Tom has been thinking about, acting in and studying Shakespeare since his high school days, and has made a long and successful academic career out of his love of the Bard’s work.

His first encounter with Shakespeare’s compelling theatrical power was Peter Brook’s famous staging of A Midsummer Night’s Dream, which he saw at the age of 12 when its world tour arrived in Melbourne.

The Pop-up Globe has been built in central Auckland to mark the 400th anniversary of the death of William Shakespeare and to host a season of some of his best known plays throughout February and March. It is the first ever full-scale temporary working replica of this second Globe theatre to be built.
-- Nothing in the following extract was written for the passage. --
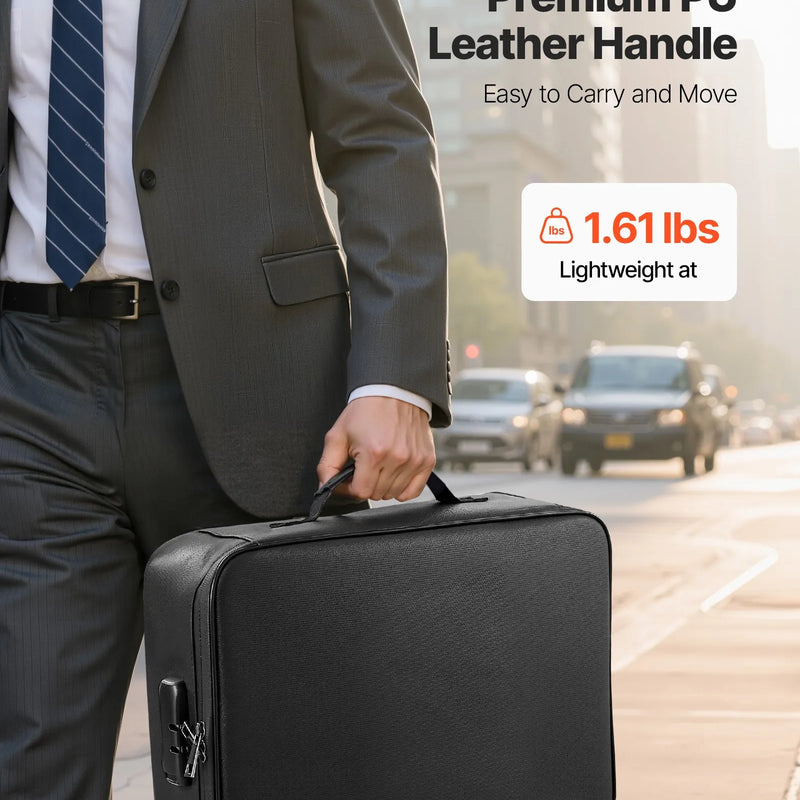 VEVOR ugunsdrošs dokumentu seifs, karstumizturīgs līdz 1000 ℃, uguns- un ūdensdrošs ar slēdzeni, pārnēsājams daudzslāņu failu uzglabāšanas organizators mājām, birojam vai ceļojumiem, piemērots pasēm, svarīgiem dokumentiem un failiem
Tom’s seminar, 'Shakespeare on Stage: Performance and Posterity Inside the Globe Theatre', will provide a unique insight into the world of Shakespeare and his plays.
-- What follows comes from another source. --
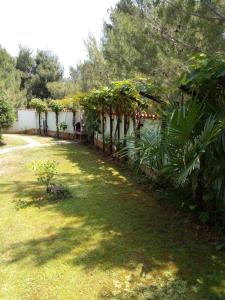 a yard with a white fence with plants on it at Villa Verde Apartments and Rooms in Premantura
The first half of this session will explore the extraordinary structure of the Globe and what it tells us about the way Shakespeare’s plays work. A group of actors will then join the second half of the session and perform some scene demonstrations including some scratch scenes using cue-scripts improvised to by members of the audience.

Tom says having the Pop-Up Globe in Auckland has been an asset to the public and scholars alike.
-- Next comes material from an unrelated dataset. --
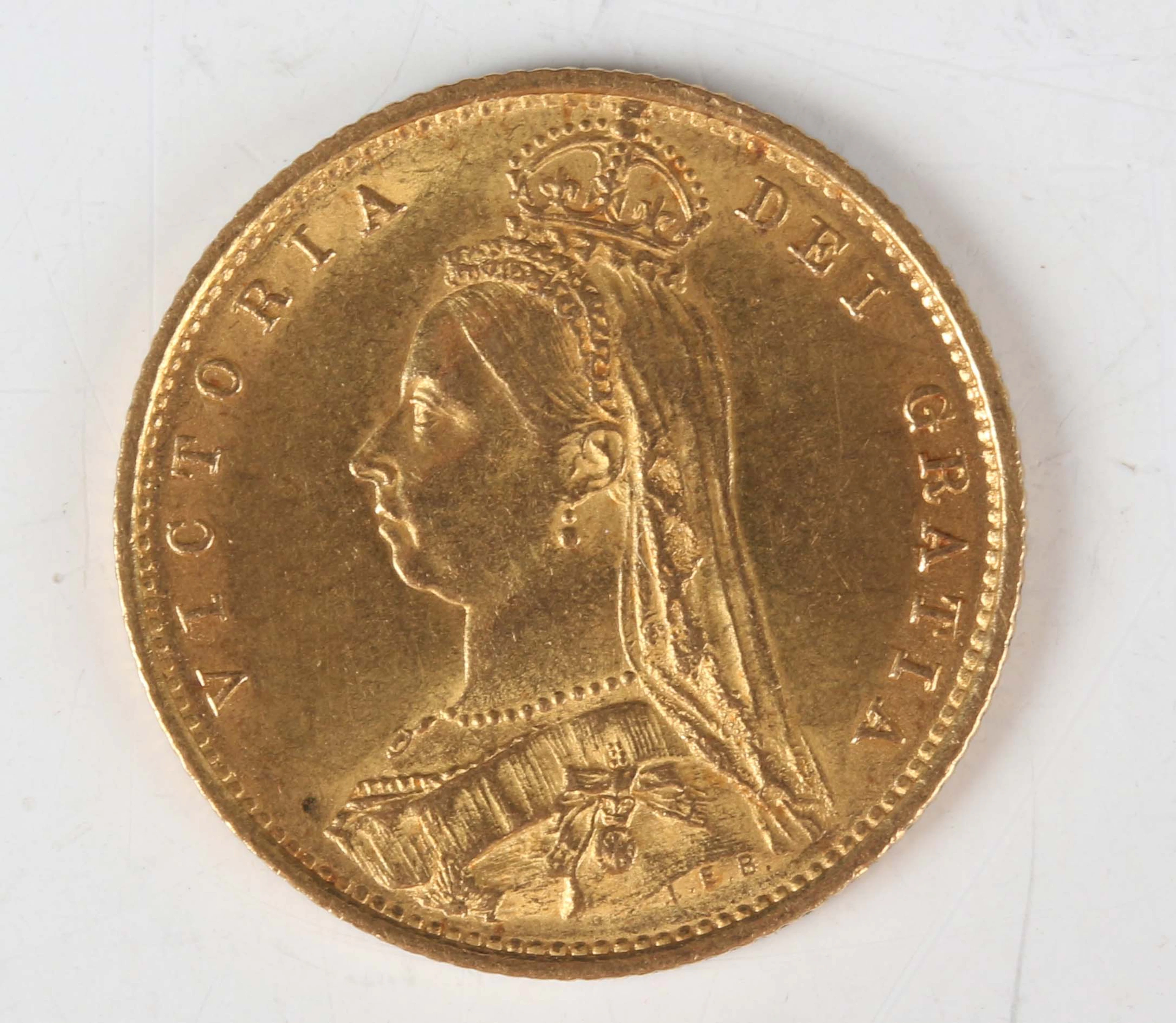 A Victoria Jubilee Head half-sovereign 1887. Note: this lot includes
“Working on this year’s AUSA Summer Shakespeare production of The Tempest — at the Pop-up Globe from March 1 to March 13 — has been an invaluable opportunity to explore a theatre space approximating an early English stage."

Tom is the author of Shakespeare and the Theatre of Wonder (Cambridge, 1996), the translator of Ovid’s Amores (Carcanet, 2003), and the co-editor of the annual Shakespearean International Yearbook. He is currently working on a book on Shakespeare’s theatre games.

The seminar is on Thursday 10 March from 10am-12pm.

You can register here.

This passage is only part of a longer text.